Counsel for Plaintiff
David Bruce Hird
Land and Natural Resources Division
Department of Justice, Washington DC 20530
(202) 633-5466

Robert Leininger
Office of the General Counsel
Environmental Protection Agency, Washington DC 20460
(202) 382-4134

Counsel for Plaintiffs-Intervenors
Stephen A. Shakman, Dennis Coyne, Special Ass't Attorneys General
102 State Capitol, St. Paul MN 55155
(612) 296-2591

Joseph C. Vesely
Vesely & Miller
203 NW Nat'l Bank Bldg., Hopkins MN 55343
(612) 938-7635

Wayne G. Popham
Popham, Haik, Schnobrich, Kaufman & Doty, Ltd.
4344 IDS Ctr., Minneapolis MN 55402
(612) 333-4800

Counsel for Defendant
Edward J. Schwartzbauer
Dorsey & Whitney
2200 First Bank Place E., Minneapolis MN 55402
(612) 340-2600

[13 ELR 20897]

Boline, Mag.:

Memorandum Opinion and Order

The above-entitled matter came on for hearing before this Court on May 4, 1983, on motions of Plaintiffs United States and the State of Minnesota to strike demand of Reilly Tar & Chemical Corporation (hereinafter Reilly) for a jury trial, on both substantive and procedural grounds, and on the motion of Reilly to amend its answer. During the hearing on the above motions, Reilly made an oral motion for a jury trial.

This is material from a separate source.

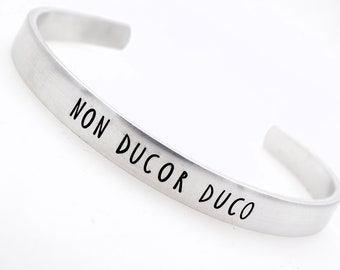 Non Ducor Duco,I'm not led, I lead, Handstamped Adjustable Aluminum Cuff, Inspirational Gift for her or him, Latin Phrase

Appearing for the State of Minnesota were Dennis Coyne, Esq., and Stephen Shakman, Esq., Special Assistant Attorneys General; appearing for the United States were David Hird, Esq., Environmental Enforcement Section, Land and Natural [Resources] Division, Department of Justice, and Robert Leininger, Esq., Environmental Protection Agency; appearing for Reilly Tar & Chemical Corporation was Edward J. Schwartzbauer, Esq.; appearing for the City of Hopkins was Joseph C. Vesely, Esq.; appearing for the City of St. Louis Park was Wayne G. Popham, Esq.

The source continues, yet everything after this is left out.